We offer healthcare solutions that will support the whole person which includes their physical, psychological, emotional, social, & spiritual wellbeing. Research supports that because your mental state can affect your overall health we support and offer the inclusion of complimentary and alternative medicine(CAM) practitioners and naturopathic doctor recommendations and referrals as a part of our Outreach Community Resource Center’s care regimen and support.

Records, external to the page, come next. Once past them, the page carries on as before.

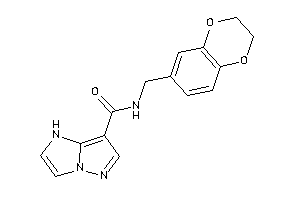 Image of N-(2,3-dihydro-1,4-benzodioxin-6-ylmethyl)-1H-pyrazolo[1,5-a]imidazole-7-carboxamide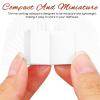 JECOMPRIS 50Pcs Miniature Blank Books 0.82X0.62X0.11In Mini Books for Crafts Dollhouse Accessories Mini Paper Ornaments Bulk Set view 3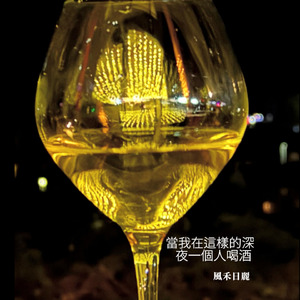 當我在這樣的深夜一個人喝酒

Emergency care can typically result in traumatic injuries for which rehabilitation becomes an essential component of care in trying to achieve the best long-term outcomes for the patient. In addition to speeding up recovery times and helping to prevent further complications, rehabilitative care also helps to support a patient’s self-managed recovery once discharged from our facility. Our Outreach Community Resource Center works closely with our trauma center’s discharge department to assure that patrons requiring these services are linked with qualified professionals who will be accountable to the standard of care required to help the patron be successful in their recovery.

Social Services

Our “state of the art” Outreach Community Resource Center intends to promote “expansive” beneficial community enriching services, programs, case management, & linkage to “approved” partner resources and supports in all of the following intended areas and more:

Social Services

  • Clothing
  • Food Pantry
  • Housing/Shelter
  • I.D. Credentials
  • Senior Wellness Check
  • Toiletries
  • Transportation
  • Etc.

Extended Family Services

  • Child Care
  • Credit Counseling
  • Family Court Services
  • Legal Aide

Career Training

  • Apprenticeship programs
  • Computer/Graphics Training
  • Culinary Program  
  • GED Courses
  • Hospitality Training
  • Job Etiquette & Grooming
  • Resume’ Prep
  • Sales Training
  • Software/Technology workshops
  • Small Business Training

Return Citizen
Program Partner
(Bridging the Gap)

  • Case Management
  • Temporary Boarding/Housing
  • Transitional Program Registration

Prevention/Intervention Outreach,
Workshops, & Programs

  • After-school Behavioral Health Program
  • Civic Engagement / Volunteer Sign-up
  • Fatherhood Rites of Passage
  • Gun Violence Town Hall Forum
  • Life Coaching & Coping Strategies
  • Marriage Counseling Workshops
  • Medicare Informational Workshops
  • Mentorship Training
  • Parental Classes
  • Support Groups
  • Town Hall Discussions
  • Violence De-Escalation Training
  • Voter Registration

Nutritional Outreach

  • Cooking Demonstrations
  • Dietary Programs
  • Exercise Classes
  • Recipe Sharing Workshops
  • Meal Prep

Community Outreach

The Healthy DC & Me Leadership Coalition is partnering with the M.I. Mother’s Keeper Mental Health advocacy organization to provide outreach services on the community level as an aid in reducing the existent health inequities that many District citizens are facing as a direct result of the presence of debilitating social determinants and the lack of culturally appropriate care choices and realities for community members residing in marginalized and lower-income communities.

It is the vision and intentions of the M.I. Mother’s Keeper Mental Health Advocates organization to help improve the quality of living for citizens living in our Nation’s Capital and beyond by overseeing the delicate linkage to services and by maintaining higher standards of care accountability for deserving citizens of the Nation’s Capital.